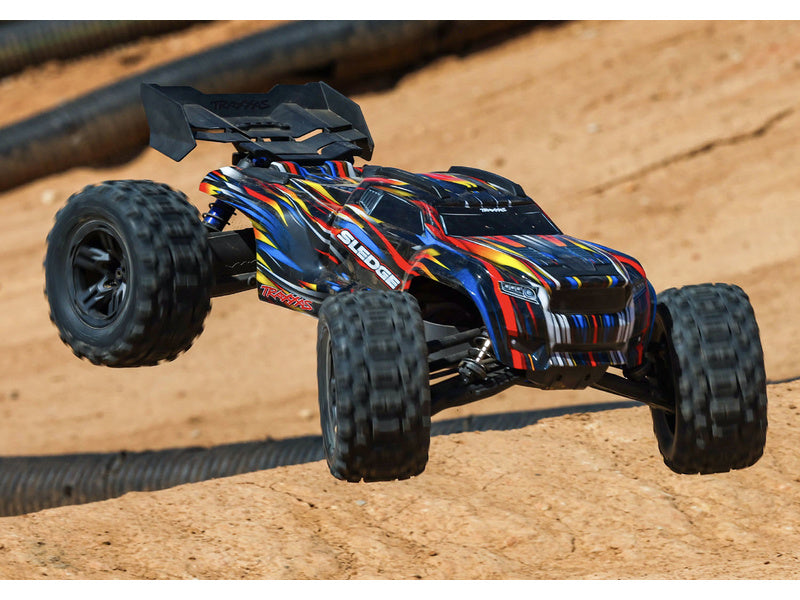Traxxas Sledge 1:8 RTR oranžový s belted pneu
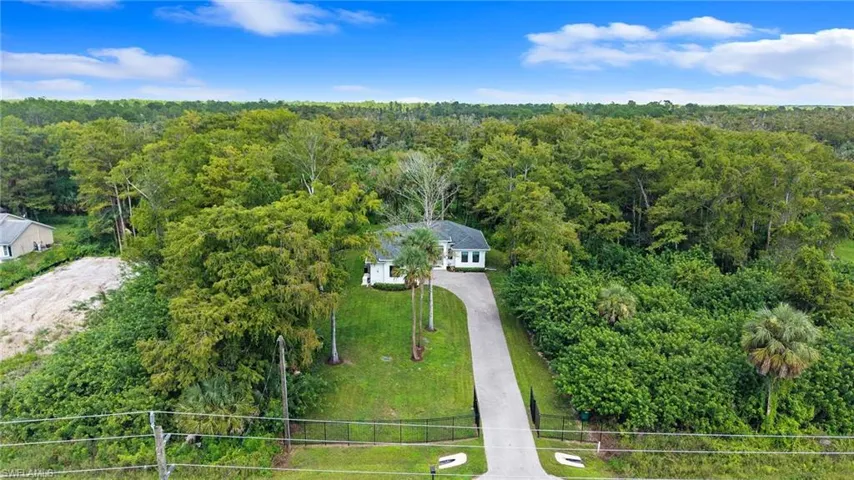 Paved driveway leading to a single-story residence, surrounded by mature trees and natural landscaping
--------------------------------------------------
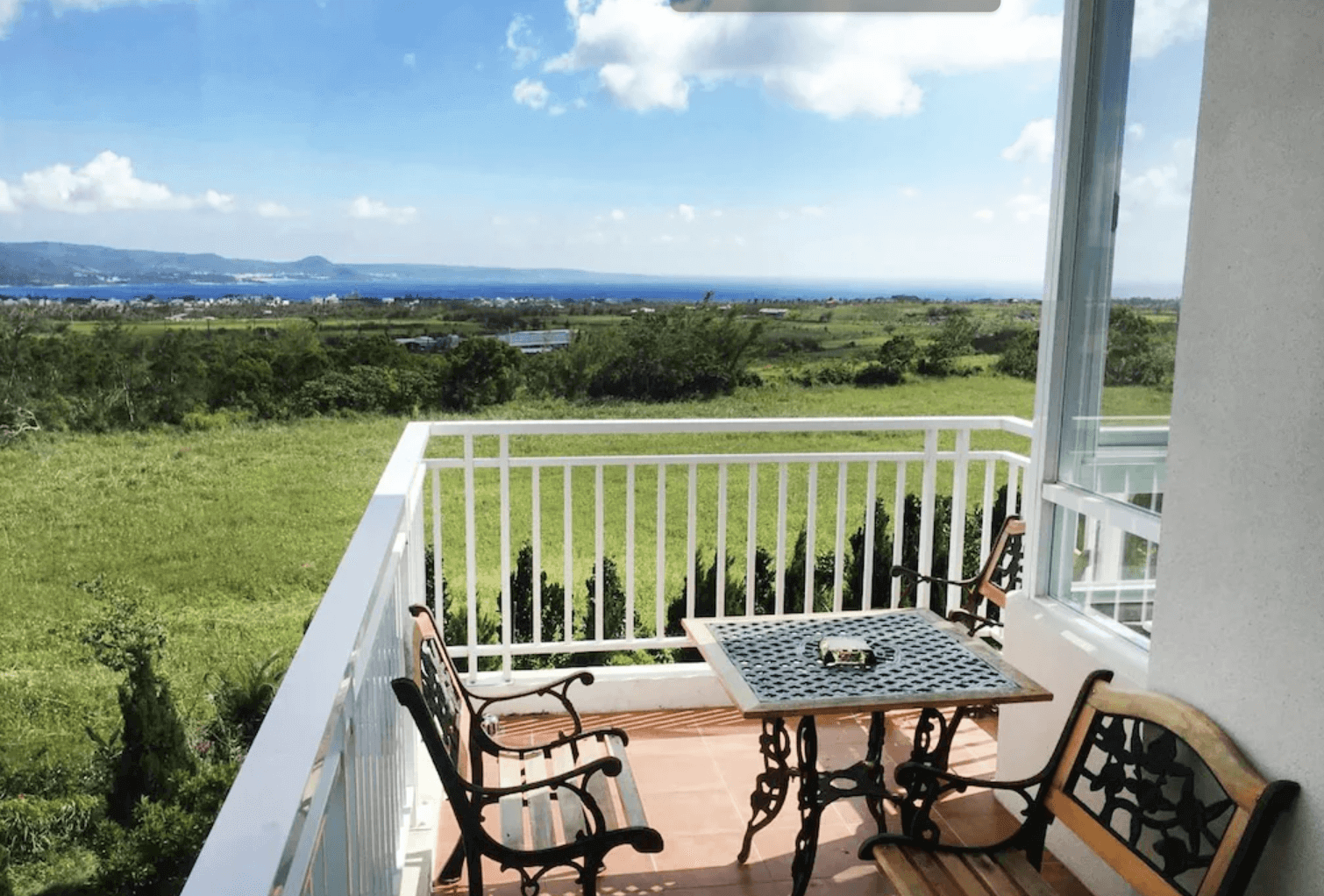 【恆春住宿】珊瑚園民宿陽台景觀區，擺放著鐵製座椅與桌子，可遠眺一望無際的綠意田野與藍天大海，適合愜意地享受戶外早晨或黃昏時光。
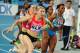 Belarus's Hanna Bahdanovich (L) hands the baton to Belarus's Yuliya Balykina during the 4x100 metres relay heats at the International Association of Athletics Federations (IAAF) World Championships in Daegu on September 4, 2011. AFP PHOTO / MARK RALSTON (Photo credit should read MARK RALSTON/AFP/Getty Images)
--------------------------------------------------
● **Exercise requirements**
Would you copy the lines above exactly, starting with the one that has "Traxxas Sledge 1:8 RTR oranžový s belted pneu" and ending with the one that has "Paved driveway leading", both included, without the pictures?

● **Reply**
Traxxas Sledge 1:8 RTR oranžový s belted pneu
 Paved driveway leading to a single-story residence, surrounded by mature trees and natural landscaping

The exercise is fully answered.